Fran desea que el sadismo de la humanidad, el descenso a los
infiernos, que la indiferencia de la gente se calme y comprenda, que converse y
brinde por esa experiencia en la aurícula izquierda de su honestidad, en el
contable de su existencia.
Las calles de Zaragoza se embriagan con sus personajes y el
cierzo es uno más entre ellos, nos invita a callejear por la ciudad, por sus
mercadillos, por las librerías y los restaurantes, por los portales, por el
parque grande y, como no, por los bancos desprovistos de dignidad y trabajo.
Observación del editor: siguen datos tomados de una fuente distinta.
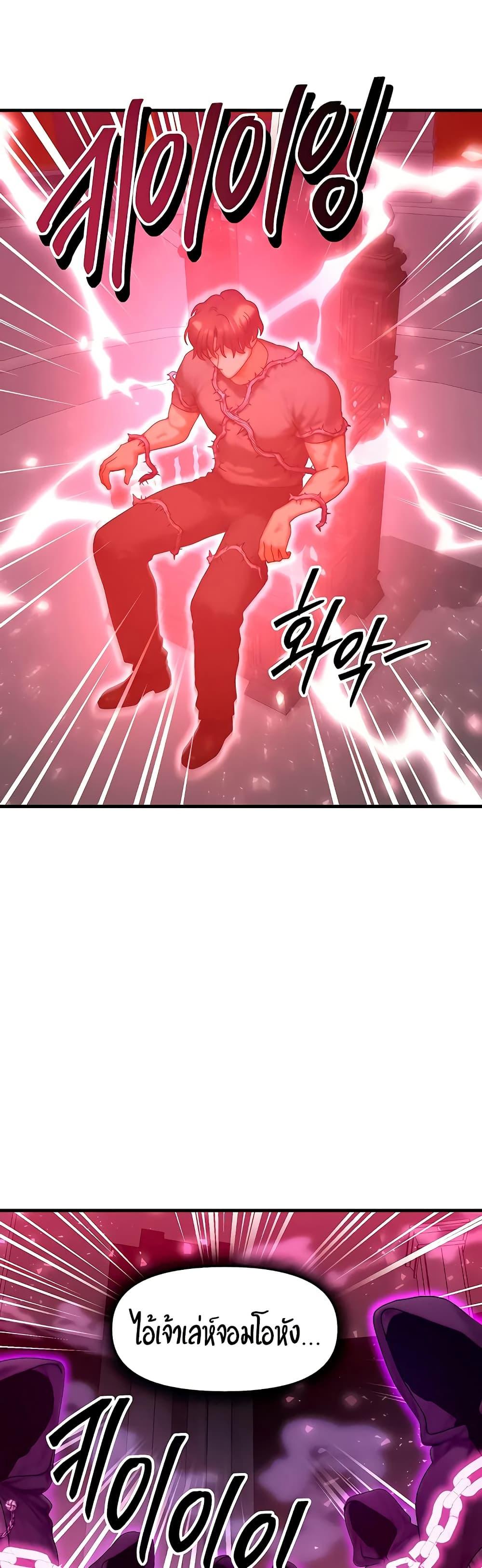 Doujin-Lc- อ่าน โดจิน มังฮวา เกาหลี ญี่ปุ่น จีน แปลไทย My Body Got Switched ตอนที่ 1 2 3 4 5 6 7 8 9 10 11 12 13 14 ฟรี ไม่มีโฆษณา อ่าน โดจิน Manhwa เกาหลี ญี่ปุ่น จีน เรามีครบ คัดมาให้เน้นๆ โดจิน 18+ รับประกันความฟินโดย  Doujin Lc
A veces la puntualidad se muestra en un día lluvioso, en el
corazón de un hijo perdido, en el tartamudeo de una pregunta ávida de
respuesta, en una hora arraigada en una cita, en el jazz de una mirada, en el
abismo de la realidad.
El 14 de septiembre de 2008, la primavera de 2030, son días
contados en la herrumbre de la lluvia, en la certeza de la palabra, en la
avenida ciega del vuelo, en el paréntesis que separa el pasado de un futuro sin
miedo, en la vida de Ismael y su experiencia decomisada al viento.
El autor, capítulo a capítulo, nos acerca al inicio y al
final de una vida que bien pudiera ser la nuestra. Cada día vemos vagabundos
inundando las aceras, las esquinas de nuestras ciudades y somos incapaces de
mirarles a los ojos cuando nos hablan.
Os invito a perderos en esta novela, a degustar su sabor a
palabra, a desdoblar cada página en el margen de su testimonio. Su autor,
Francisco Urbano y su obra no os dejarán indiferentes.